2003-10-14 Thread Marko Karppinen
On 8.10.2003, at 21:31, Bruce Momjian wrote:
Well, this is really embarassing.  I can't imagine why we would not set
at least -O on all platforms.  Looking at the template files, I see
these have no optimization set:

darwin
Regarding Darwin optimizations, Apple has introduced a -fast flag in 
their GCC 3.3 version that they recommend when compiling code for their 
new G5 systems.
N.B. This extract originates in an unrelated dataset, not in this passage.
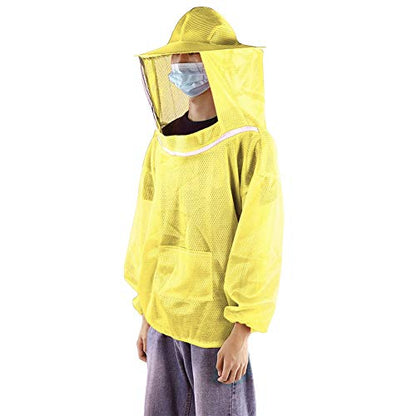 Beekeeping Jacket, Bee Suit Bee Jacket with Veil Professional Ventilated Beekeeper Suit Beekeeping Tools (Yellow) - color: Yellow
Because of this, I foresee a lot of people defining 
CFLAGS=-fast on their systems.

This is problematic for PostgreSQL, however, since the -fast flag is 
the equivalent of:

-O3 -falign-loops-max-skip=15 -falign-jumps-max-skip=15 
-falign-loops=16 -falign-jumps=16 -falign-functions=16 -malign-natural 
-ffast-math -fstrict-aliasing -frelax-aliasing -fgcse-mem-alias  
-funroll-loops -floop-transpose -floop-to-memset -finline-floor 
-mcpu=G5 -mpowerpc64 -mpowerpc-gpopt -mtune=G5 -fsched-interblock 
-fload-after-store  --param max-gcse-passes=3  -fno-gcse-sm  
-fgcse-loop-depth -funit-at-a-time  -fcallgraph-inlining  
-fdisable-typechecking-for-spec

At least the --fast-math part causes problems, seeing that PostgreSQL 
actually checks for the __FAST_MATH__ macro to make sure that it isn't 
turned on. There might be other problems with Apple's flags, but I 
think that the __FAST_MATH__ check should be altered.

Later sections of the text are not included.